Option 1 allows the investor to identify up to three properties as prospective purchases, with no restrictions on their individual or combined market price. Keep in mind that if the sale price of the relinquished property is greater than the purchase price of the replacement property or properties, the difference must be recognized as a capital gain. The replacement purchase must also carry an equal debt load.

Option 2 allows for the consideration of an unlimited number of replacement properties, subject to a limit of the aggregate market value of 200% of the price of the property sold. For example, if the relinquished property is worth $1 million, the seller can identify replacement choices totaling up to $2 million.

Option 3 allows the taxpayer to specify an unlimited number of properties but requires that they acquire a subtotal equal to at least 95% of their combined market price.
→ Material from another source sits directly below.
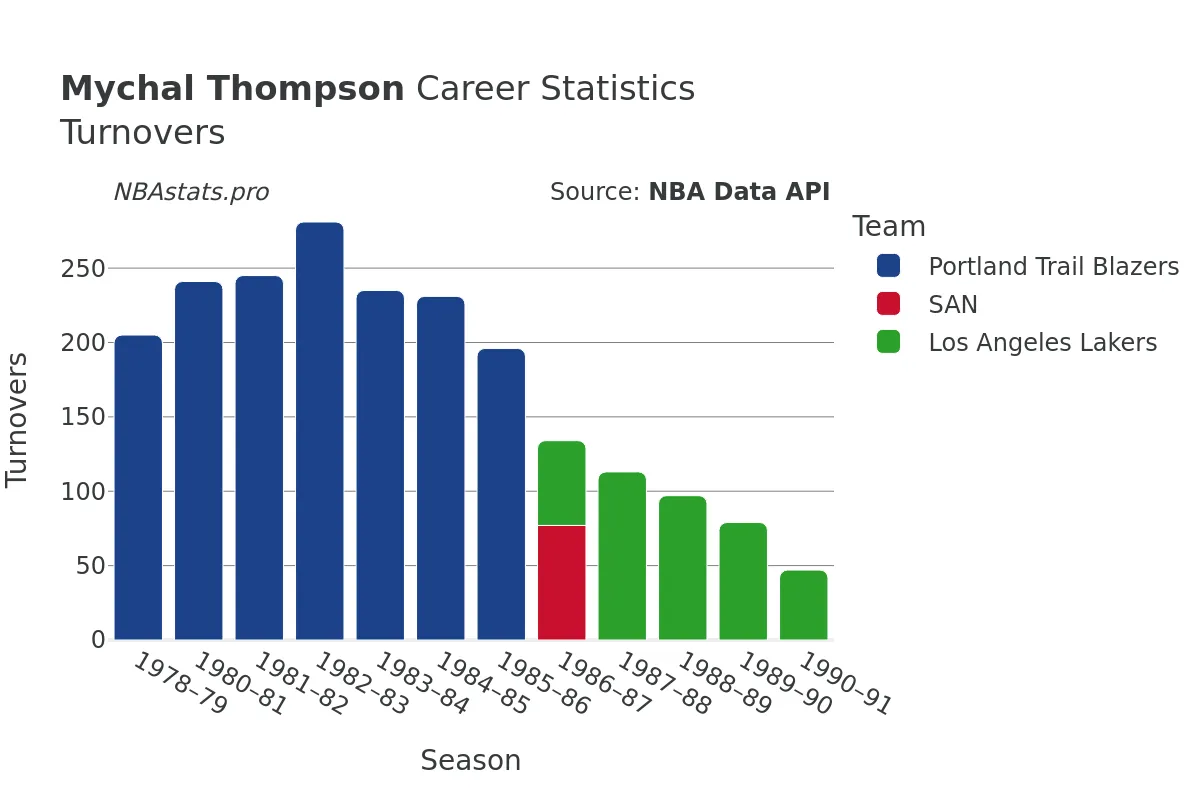 Mychal Thompson Turnovers Career Chart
As an example, using Option 3, an investor could identify ten replacement properties. If the total of their market value combined is equal to $10 million, they must ultimately purchase some combination of those properties with a purchase price of at least $9.5 million. Of course, the total also must be equal to or greater than the sale proceeds the investor seeks to protect from capital gains tax.

The Identification Period Is Part of the Overall Time Allowed for Execution

The second element of the timeline specifies that the investor must complete the replacement purchase within 180 days of the sale of the relinquished property. That includes the first 45 days provided to identify replacement properties.

Construction, improvement, and other special needs have supported the growth of reverse exchanges, in which the investor finds the replacement property before selling the asset targeted for relinquishing. The same timeline applies, but in reverse, and the Qualified Intermediary now serves as the exchange accommodation titleholder.

Extensions to the 45- and 180-day deadlines are only provided by the IRS and generally in response to federally declared disasters, such as hurricanes, wildfires, and other significant events.

 

This material is for general information and educational purposes only. Information is based on data gathered from what we believe are reliable sources. It is not guaranteed as to accuracy, does not purport to be complete and is not intended to be used as a primary basis for investment decisions. Realized does not provide tax or legal advice. This material is not a substitute for seeking the advice of a qualified professional for your individual situation. Costs associated with a 1031 transaction may impact investor’s returns and may outweigh the tax benefits. An unfavorable tax ruling may cancel deferral of capital gains and result in immediate tax liabilities.